Sometimes, you’ll buy a domain name and you’ll totally forget what company you bought it from. Or you’ll purchase it in some roundabout way through another service that just happens to package a domain name with their offer. For whatever reason, busy business owners do lose access to domain names they’ve bought.
This is a fairly common problem and it happened to a client of ours. We’re going to talk about how to solve this problem and other ways to work around it.
1. Do a “Who Is” Search
A “Who Is” search will tell you what company registered the domain name; that is, the domain name registrar.
The search will also tell you when the domain name will expire. In some cases, it will list the domain name owner’s contact information. However, it’s common for people to privately register domain names to conceal their contact information from the public.
Out of habit, I tend to always use Whois.net to do my Whois searches. I’ve found that I have to jump through fewer hoops with this service over all the rest. However, if you do a Google search for “Whois lookup” you’ll find several Whois search provider alternatives. They all spit out the same information for the most part.
If we do a Whois search for judinc.com, we’ll get the following useful information:
Now, as an example, if I want to know where I bought judinc.com. I would look at the Registrar URL and notice that Godaddy.com is listed as the registrar. That would probably mean that’s where my domain name is registered. 🙂
I’d look through my emails or filing cabinet or wherever I store my passwords to see if I have an account with them. If so, I’d probably try to log in and see if I could locate my domain name in my account and check to see if my payment options are up to date.
It’s important to note that if you’ve set up a new website, you’ll need to point your domain name to your web host (the company or server where your website files are stored). You do this by inserting the Domain Name System (DNS) server addresses (usually provided by your web host – call them if you have questions) in your domain name registrar’s account.
2. Check Your Credit Card and PayPal Statements
Usually, domain names are renewed automatically every year. So if you scour your credit card statements, you should be able to find a charge for about $10 to $25. Hopefully, on that line item, you’ll see some information on the company you bought your domain name from. Look them up on Google and call them to ask about the charge and if they are the registrar of your domain name.
You can also call your credit card company and ask them about any line items that you think might be charged from your domain name registrar. They can give you more information about who the merchant is and their contact information.

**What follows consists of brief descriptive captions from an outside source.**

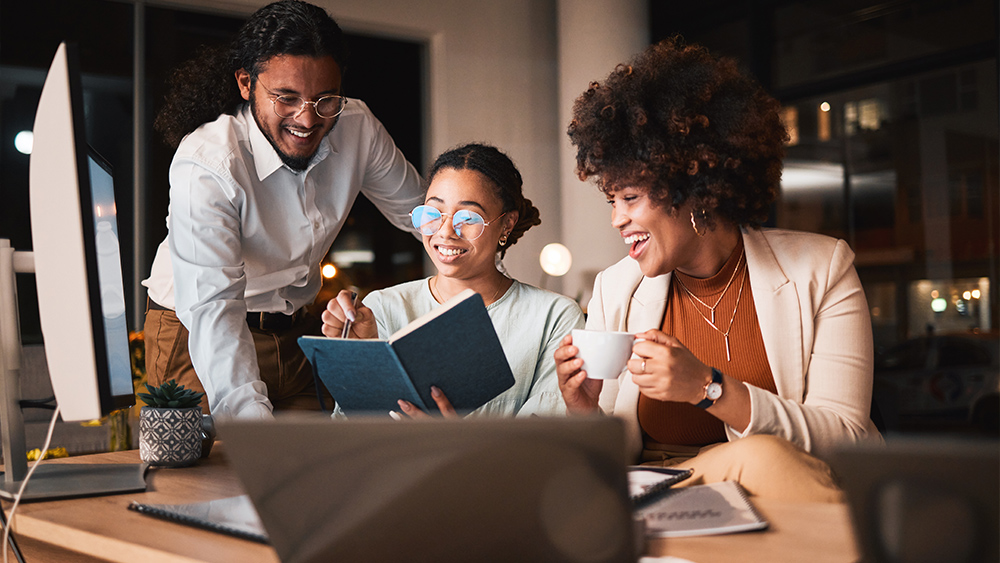 Happy co workers meeting talkinggamification business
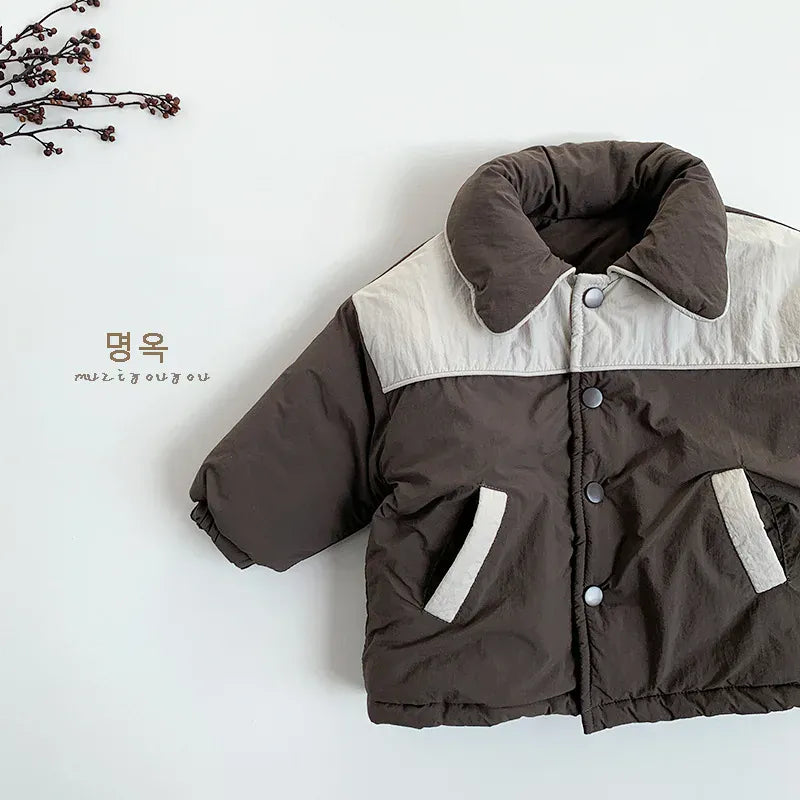 ショートコート・ジャケット・ジャンパー Brown / 12M  80CM キッズアウター パッチワーク切り替えパデッドジャケットコート【mh0008102】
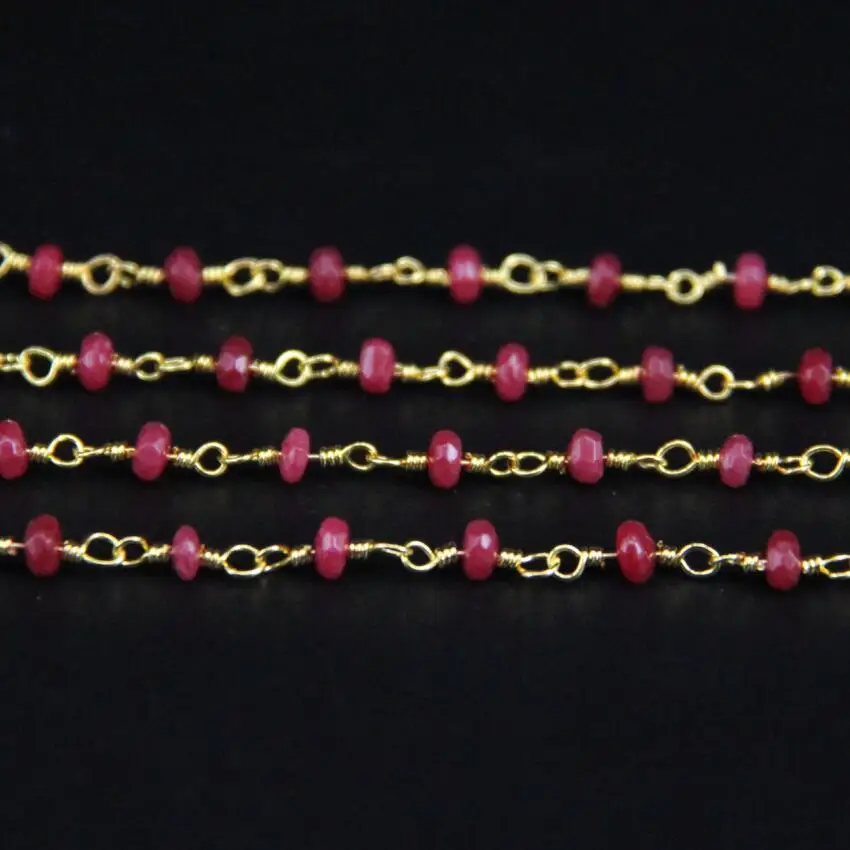 Imagem -06 - Vinho Tinto Malásia Jade Abacus Beads Golden Chain Cadeia Rosário Facetada Rondelle Encantos Encantos Faça Você Mesmo Brinco Colar Pulseira 2x4 mm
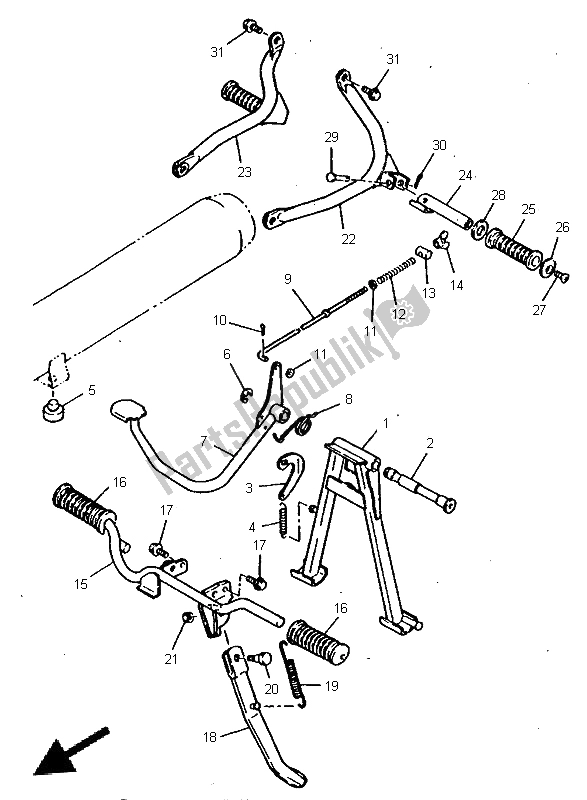 All parts for the Stand & Footrest of the Yamaha RX 100 1996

PRO TIP: Some registrars charge every two years, five years, or ten years. That’s a common little trick they employ to get more money up front faster. Sometimes they’ll even pre-check 10-year billing cycles just to sneak in a nice fat one-time payment. This can make it a lot harder to figure out who your domain name registrar is since you might have to look through ten years of credit card statements to figure out who the company is.
There’s also a chance you bought your domain name using PayPal. Log in to your PayPal account and look through your transactions to see if there are any charges from a domain name registrar.
What If Your Domain Name Expired and Someone Else Bought It?
This can happen.
You can do a Whois search and try to find out who the new owner of your domain is and try to contact them.
Now, a lot of registrars will swoop in and buy expired domain names and hold them for ransom. You’ll see your domain name being sold for thousands of dollars…
I’ve heard that, with some legal help, you can muscle people into giving you your domain name back, especially if you were doing business with the name, and the new person is just holding the name for ransom (a practice known as “cybersquatting”). But this isn’t legal advice – just something I heard years ago. You can always contact an intellectual property lawyer for more information.
What’s the Difference Between a Domain Name Registrar and a Website Host?
There are usually two parts to owning a website:
- Your domain name (e.g. – www.mydomainname.com)
- Your web hosting provider (where your website files are stored)
When someone types your domain name into a web browser (like Chrome or Firefox), the internet knows to serve your website files stored on your web host to that visitor. That’s because you’ve set up your DNS to associate your domain name with that web host (and the web server you’re using).
Some companies like GoDaddy will offer both domain names and web hosting. More commonly, most people buy their domain name from one provider and get their web hosting from another company. And, yes, that means you will be billed for your domain name and your website hosting separately. Typical pricing for domain names ranges from $10 to $25 a year, and web hosting ranges from $10 to $50 a month.